This patch allows a domain to add or remove foreign frames from its
IOMMU mappings by grant reference as well as GFN. This is necessary,
for example, to support a PV network backend that needs to construct a
packet buffer that can be directly accessed by a NIC.

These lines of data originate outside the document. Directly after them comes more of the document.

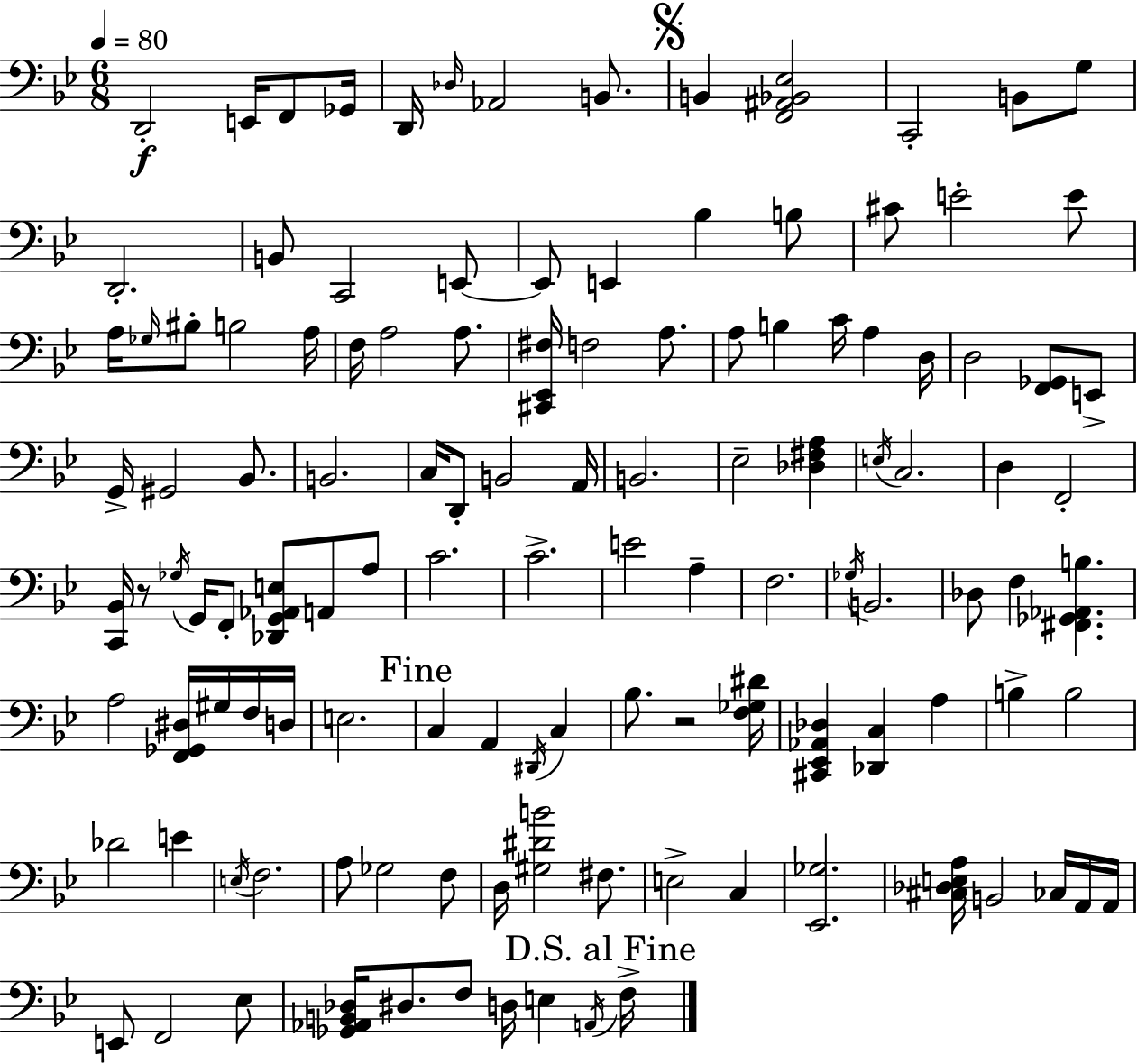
D2/h E2/s F2/e Gb2/s D2/s Db3/s Ab2/h B2/e. B2/q [F2,A#2,Bb2,Eb3]/h C2/h B2/e G3/e D2/h. B2/e C2/h E2/e E2/e E2/q Bb3/q B3/e C#4/e E4/h E4/e A3/s Gb3/s BIS3/e B3/h A3/s F3/s A3/h A3/e. [C#2,Eb2,F#3]/s F3/h A3/e. A3/e B3/q C4/s A3/q D3/s D3/h [F2,Gb2]/e E2/e G2/s G#2/h Bb2/e. B2/h. C3/s D2/e B2/h A2/s B2/h. Eb3/h [Db3,F#3,A3]/q E3/s C3/h. D3/q F2/h [C2,Bb2]/s R/e Gb3/s G2/s F2/e [Db2,G2,Ab2,E3]/e A2/e A3/e C4/h. C4/h. E4/h A3/q F3/h. Gb3/s B2/h. Db3/e F3/q [F#2,Gb2,Ab2,B3]/q. A3/h [F2,Gb2,D#3]/s G#3/s F3/s D3/s E3/h. C3/q A2/q D#2/s C3/q Bb3/e. R/h [F3,Gb3,D#4]/s [C#2,Eb2,Ab2,Db3]/q [Db2,C3]/q A3/q B3/q B3/h Db4/h E4/q E3/s F3/h. A3/e Gb3/h F3/e D3/s [G#3,D#4,B4]/h F#3/e. E3/h C3/q [Eb2,Gb3]/h. [C#3,Db3,E3,A3]/s B2/h CES3/s A2/s A2/s E2/e F2/h Eb3/e [Gb2,Ab2,B2,Db3]/s D#3/e. F3/e D3/s E3/q A2/s F3/s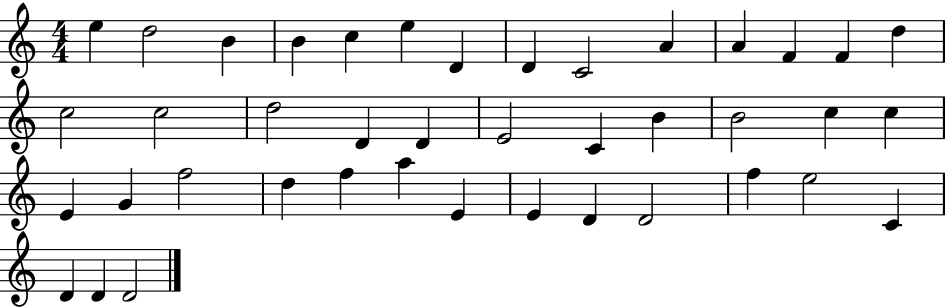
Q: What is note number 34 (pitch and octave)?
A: D4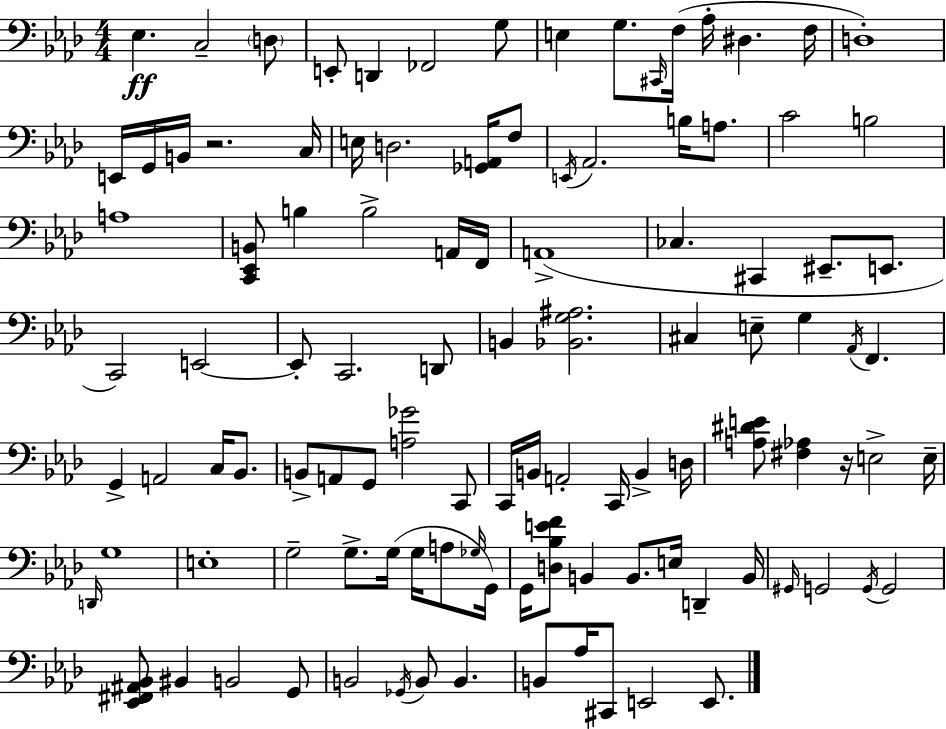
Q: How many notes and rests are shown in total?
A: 107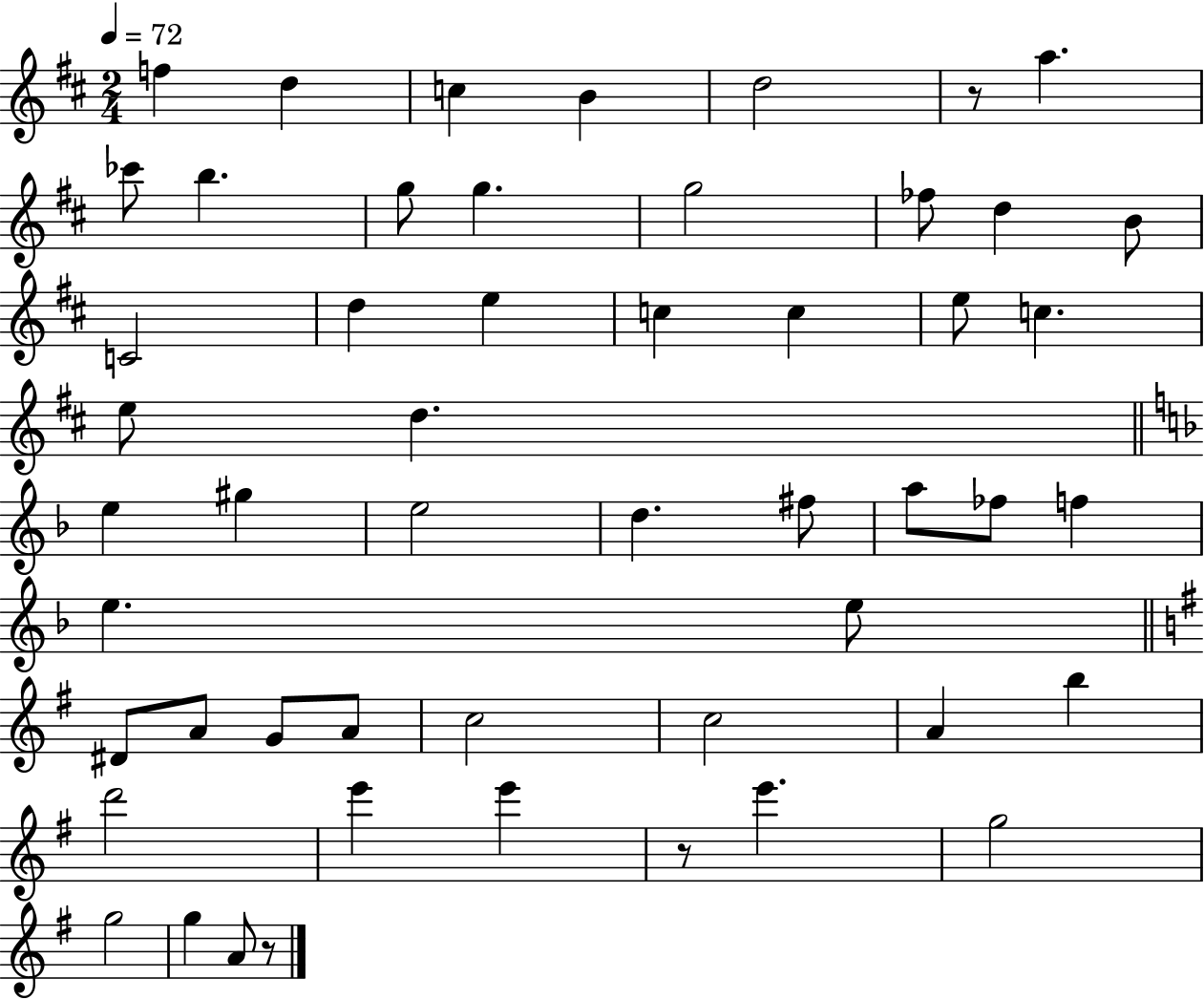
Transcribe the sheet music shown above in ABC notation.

X:1
T:Untitled
M:2/4
L:1/4
K:D
f d c B d2 z/2 a _c'/2 b g/2 g g2 _f/2 d B/2 C2 d e c c e/2 c e/2 d e ^g e2 d ^f/2 a/2 _f/2 f e e/2 ^D/2 A/2 G/2 A/2 c2 c2 A b d'2 e' e' z/2 e' g2 g2 g A/2 z/2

Signed-off-by: Paul Durrant <paul.durrant@citrix.com>
---
Cc: Jan Beulich <jbeulich@suse.com>
Cc: Andrew Cooper <andrew.cooper3@citrix.com>
Cc: George Dunlap <George.Dunlap@eu.citrix.com>
Cc: Ian Jackson <ian.jackson@eu.citrix.com>
Cc: Julien Grall <julien.grall@arm.com>
Cc: Konrad Rzeszutek Wilk <konrad.wilk@oracle.com>
Cc: Stefano Stabellini <sstabellini@kernel.org>
Cc: Tim Deegan <tim@xen.org>
Cc: Wei Liu <wei.liu2@citrix.com>

v7:
 - Re-base.

v6:
 - Re-base.

v2:
 - New in v2.
---
 xen/common/grant_table.c      | 151 ++++++++++++++++++++++++++++++++++++++++++
 xen/common/iommu_op.c         | 100 +++++++++++++++++++---------
 xen/include/public/iommu_op.h |  29 ++++++--
 xen/include/xen/grant_table.h |   5 ++
 4 files changed, 248 insertions(+), 37 deletions(-)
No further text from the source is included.